馬が聞いたという発言とナギ達のあの様子が合致して、『幼馴染みの事が忘れられないナギ』という事実が完成してしまった。
シン「失恋決定だな。」
馬「うぅ……」
ソウシ「ほら馬ちゃん!
今日は沢山飲んで忘れよう。
『神殺し』じゃなくてカクテル飲もう、カクテル!」
馬「えっ、でももう飲みたく無い、」
シン「オレのワインだ、有り難く飲め。」
シンは自分のグラスを馬の口元に持っていき、無理矢理飲ませようとした。
馬「お、おぅふ……ゴクゴク…」
馬は抗えずにゴクゴクと飲んでしまう。
少しして、
馬「あー、ちくしょーっっ、気持ち悪いっすわー、うぐぐぐぎぎぐ…」
シン「……ほら。」
隣に座るシンは馬に腕を貸してやった。
やはりまだ彼からは僅かな下心が見え隠れしているが、
馬「え、良いんですかー、ぐぅぅ…」
馬は気が付いていない。
それよりも、再びアルコールを摂取したせいで彼女の世界はグルグルと大回転している。
上体を安定させるために何か支えが欲しい……
シン「今日はナギの代わりだ、掴まっとけ。」
ソウシ「シンは紳士だ……流石シン紳士、アッパレ(笑)!」
茶化すソウシはしょうもない駄洒落を言いながら満足そうに酒を飲むという『オッサン』と化している。

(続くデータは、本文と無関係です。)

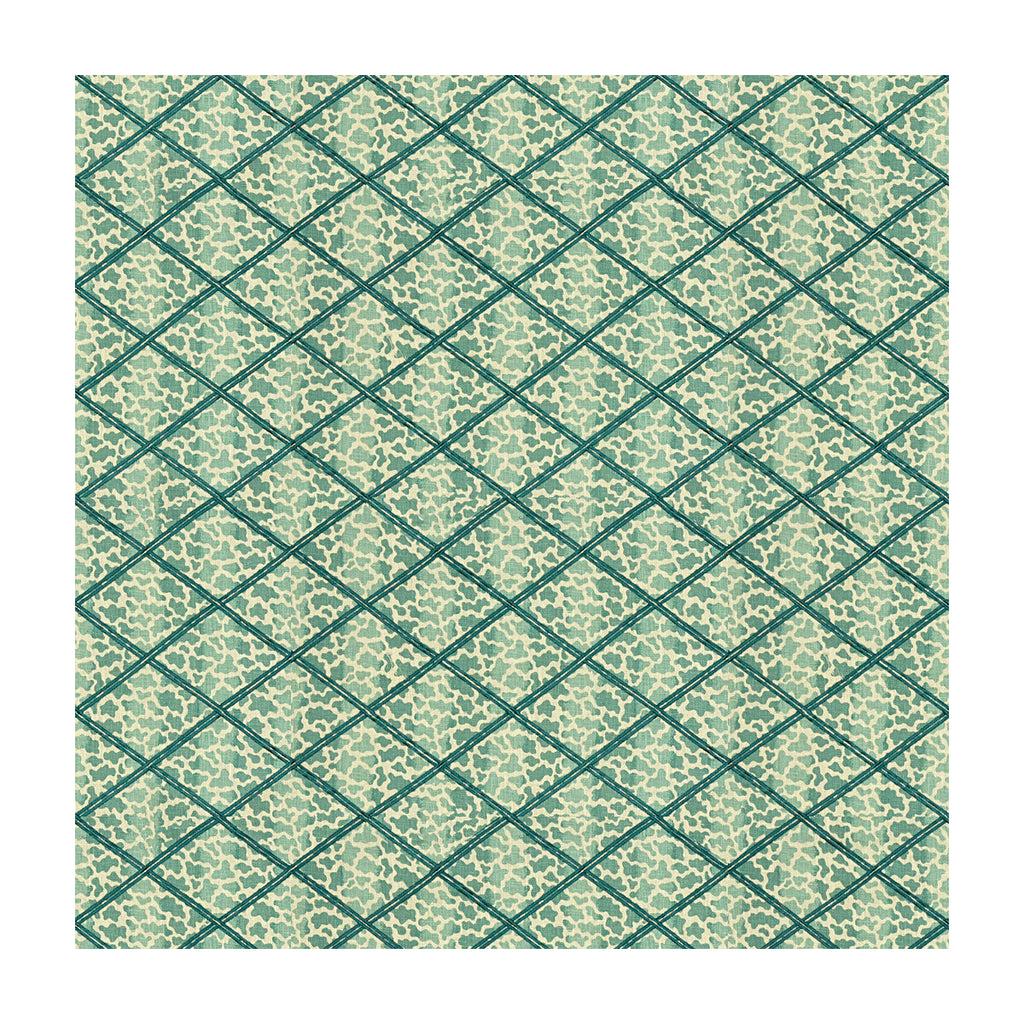 Samples and Purchasing available for Jag Trellis - Turquoise Turquoise By Lee Jofa | Parish-Hadley | Animal Skins Multipurpose Embroidery at Designer Wallcoverings and Fabrics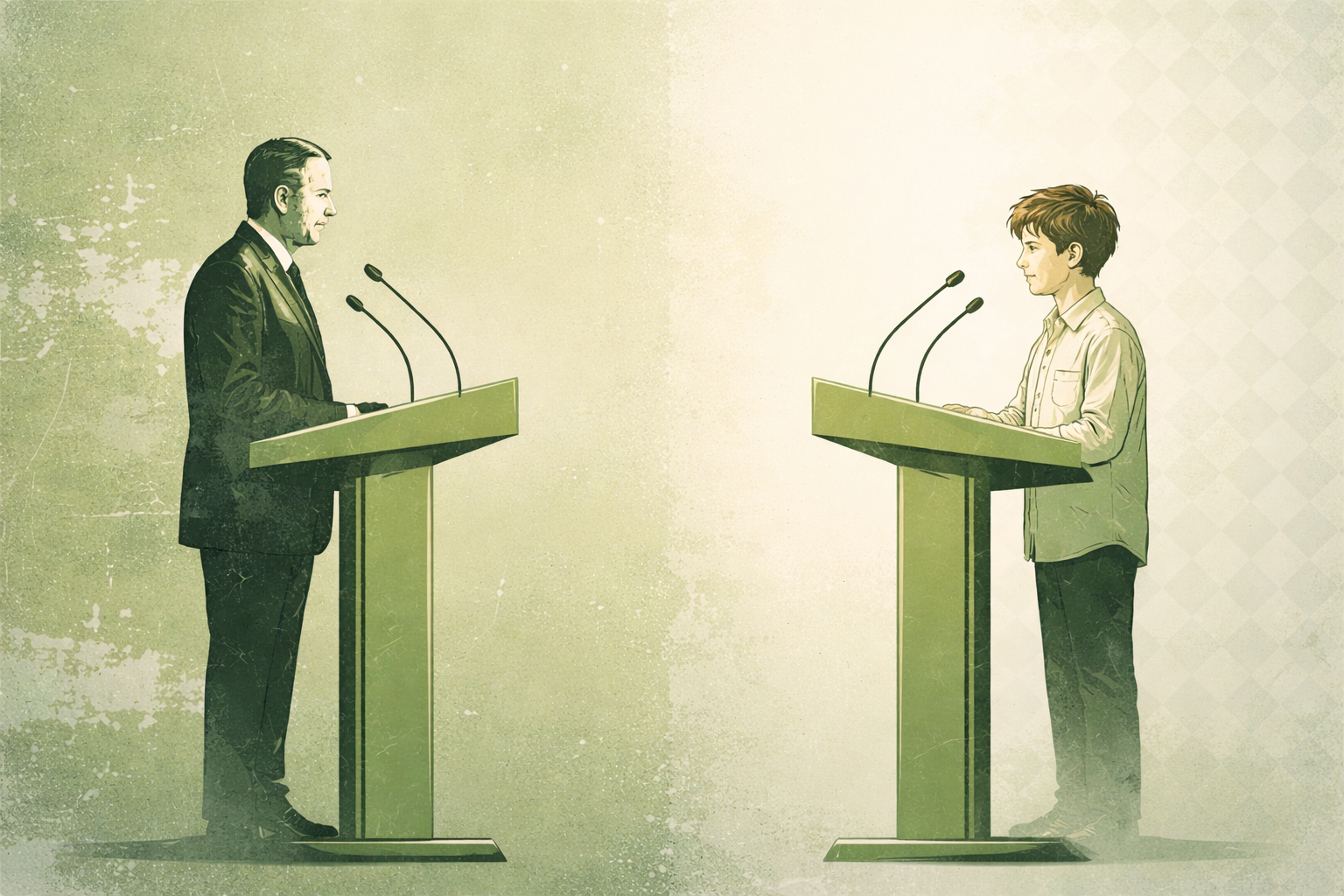 Illustration of two people engaged in a thoughtful debate at podiums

馬「ぬぅ…助かります……ぐゎぁぁ、揺れてます揺れてますよ、地面がー。」
馬はシンの腕をガッシリと抱きかかえ、彼の肩に顔を押し付けて堪え忍んでいた。
ソウシ「あのさ……馬ちゃん、ぶっちゃけて聞くけど、ナギとどこまでいってるの?」
馬「へ……?どこまで行く、ですか?」
質問の意図がわからず、馬は顔を上げてソウシを見た。
彼女の瞳は酔いのせいか、潤んで蕩けている。
ソウシ「わっ!良いよ、良いよ馬ちゃん!
ちょっとシン見てみて。」
シン「は?何がです…」
シンはソウシに言われるままに自分のすぐ横の彼女の顔を覗き込んでみる。
すると、
シン「……っ…!」
シンは驚いてしまった。
あまりにも馬の顔が艶やかだったからだ。
心なしか堪らなく良い匂いまでしている……気がする。
ソウシ「ね、色気が凄いよね?
これが人魚パワーってやつかな。」
シン「だからナギはこいつに酒を飲ませないんですね。」
ソウシ「あぁ、船長が見たらその場で子作りを始めそうで危険だよ。」
馬『酷く物騒な事言ってるけど……女子供に優しいシリウス海賊団は何処に行った……』
馬はグワングワンと回る頭の中でツッコミを入れていた。